It oscillates between -1 and 1.
2. Key Features
Period: The length of one complete cycle of the wave. For the sine function, the period is 2π.
Amplitude: The distance from the center line of the wave to its peak or trough. For the sine function, the amplitude is 1.
Zeros: The points where the graph intersects the x-axis. For the sine function, the zeros occur at x = 0, π, 2π, 3π, and so on.
Maximum and Minimum Points:
Maximum points: (π/2, 1), (5π/2, 1), (9π/2, 1), etc.

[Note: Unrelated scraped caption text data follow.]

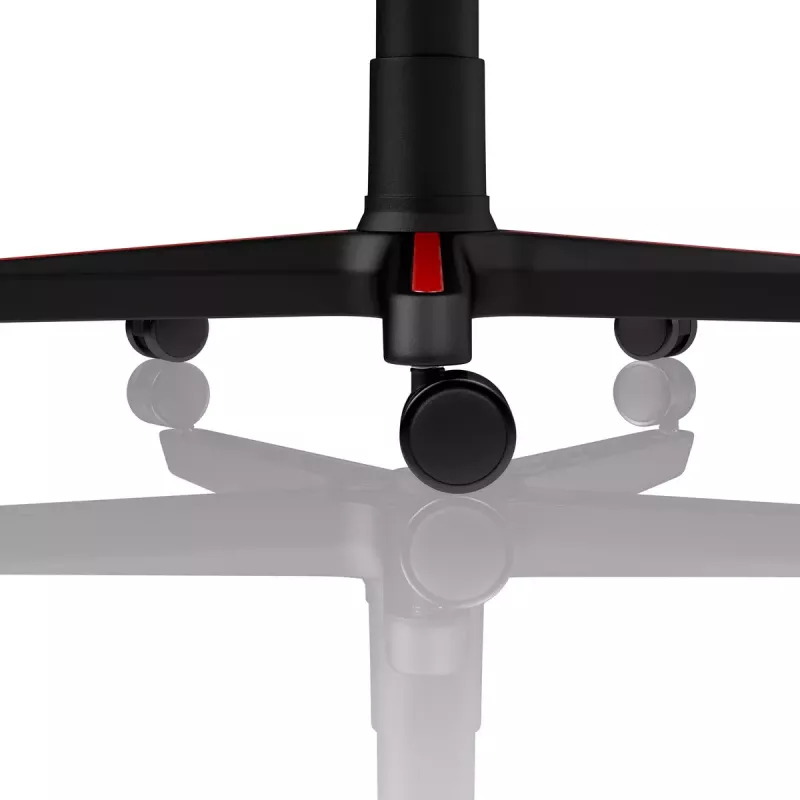 Fotel gamingowy Nitro Concepts S300 z obiciem materiałowym, regulowana wysokość 128–140 cm, szerokość oparcia 56 cm, siedzisko materiałowe (Czarny/Czerwony)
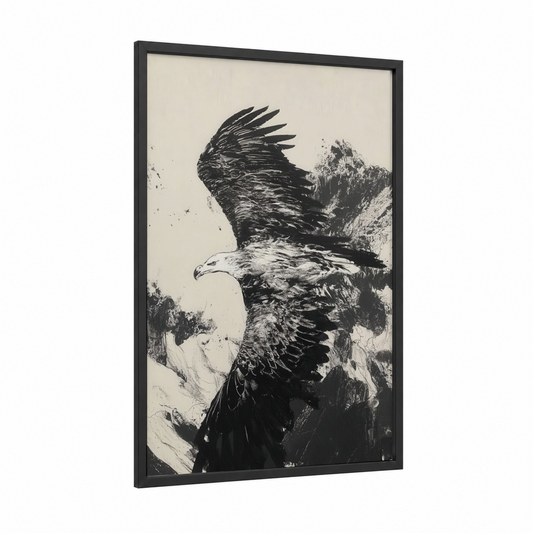 Soaring Eagle framed art print — black wood frame — black and white palette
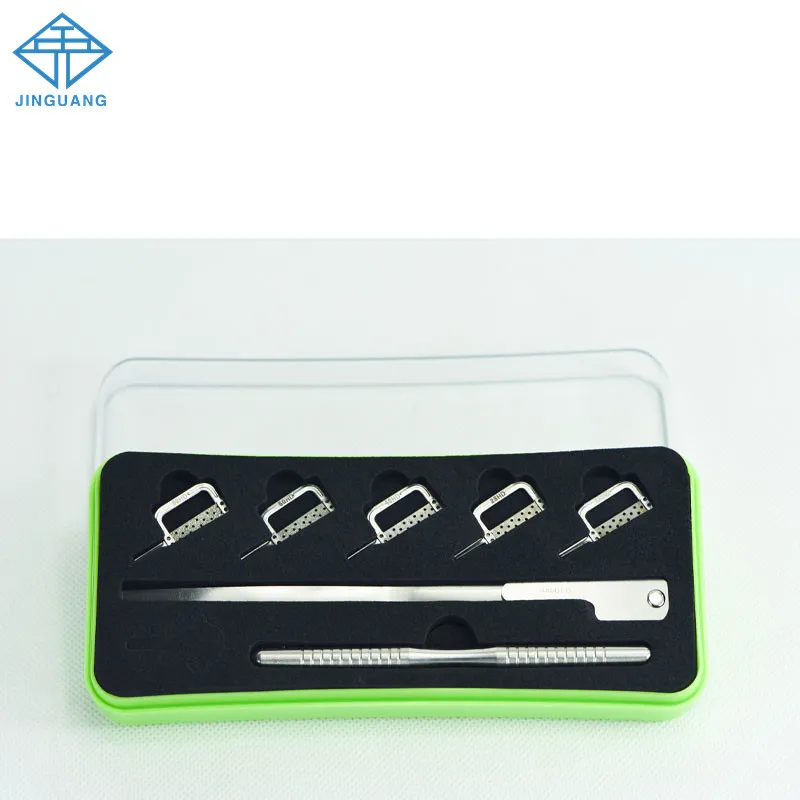 1 Kit Dental Orthodontic Interproximal Enamel Reduction IPR Automatic Strip Slicing Set Double Sided with Measuring Tape Handle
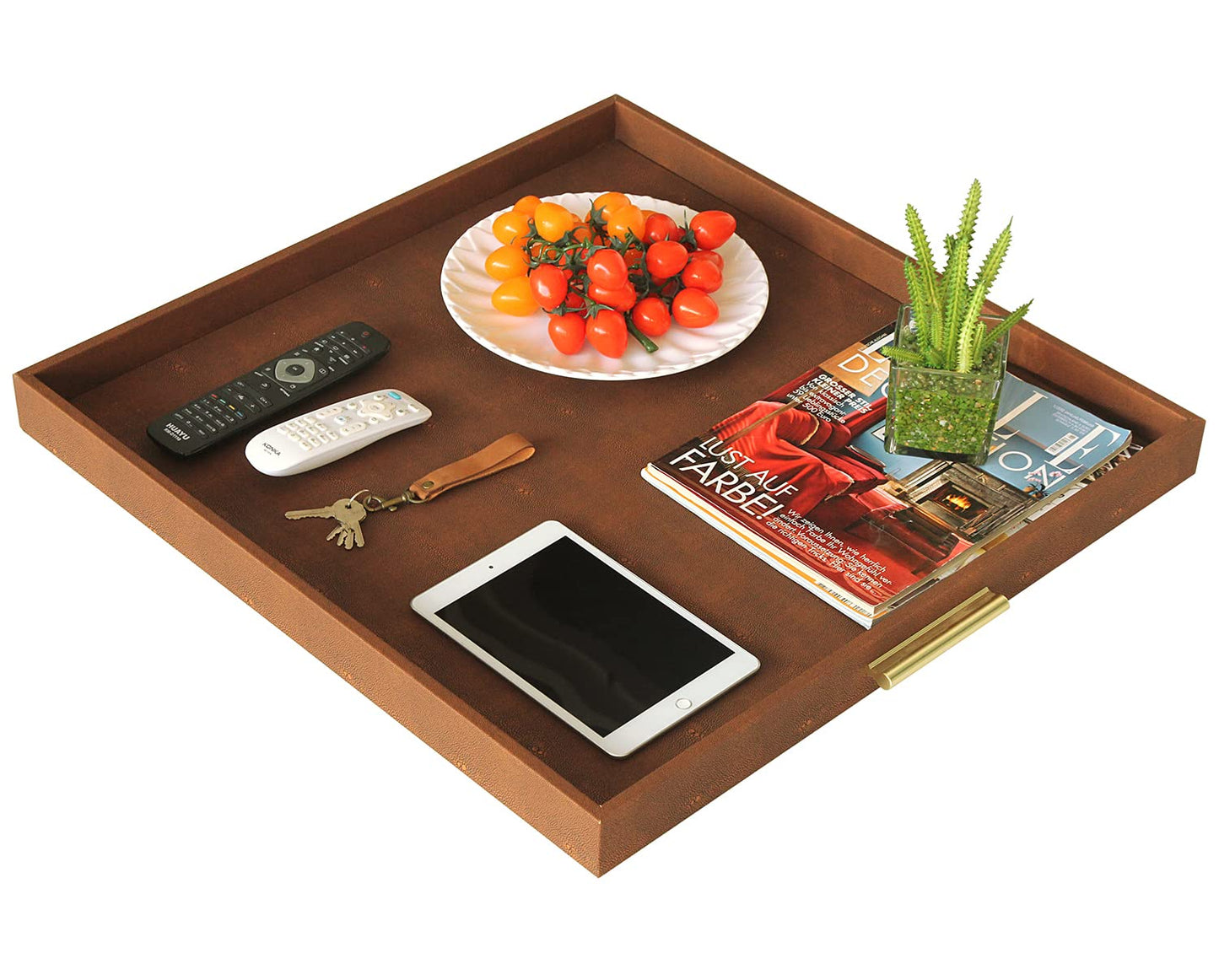 HofferRuffer Extra Large Square Serving Tray, Elegant Faux Leather Ottoman Tray with Gold Hardware Handles, Serve Tea, Coffee or Breakfast in Bed, 24 x 24 inches (Brown Shagreen)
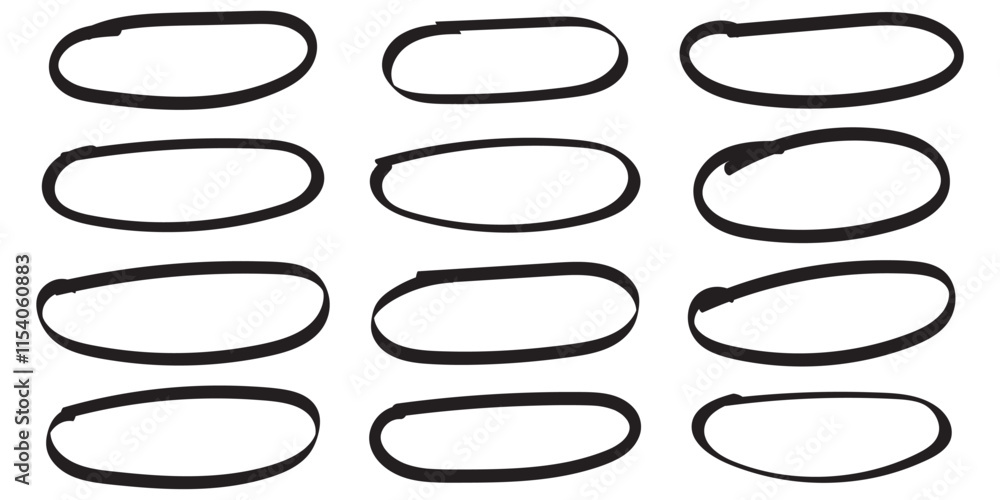 Set of hand drawn black doodle ellipses. Bright black scribble ovals and bubbles to circle and highlight text. Collection of different brush drawn black circles. Marker round elements Set of hand drawn black doodle ellipses. Bright black scribble ovals and bubbles to circle and highlight text. Collection of different brush drawn black circles. Marker round elements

Minimum points: (3π/2, -1), (7π/2, -1), (11π/2, -1), etc.
3. Transformations
Amplitude Changes:
y = A*sin(x):
If A > 1, the amplitude increases.
If 0 < A < 1, the amplitude decreases.
Period Changes:
y = sin(Bx):
The period becomes 2π/B.
Phase Shifts:
y = sin(x - C):
Shifts the graph horizontally by C units to the right.
Vertical Shifts:
y = sin(x) + D:
Shifts the graph vertically by D units.
4. Applications
The sine function is used to model many real-world phenomena that exhibit periodic behavior, such as:
Sound waves
Light waves
Alternating current (AC) electricity
Tides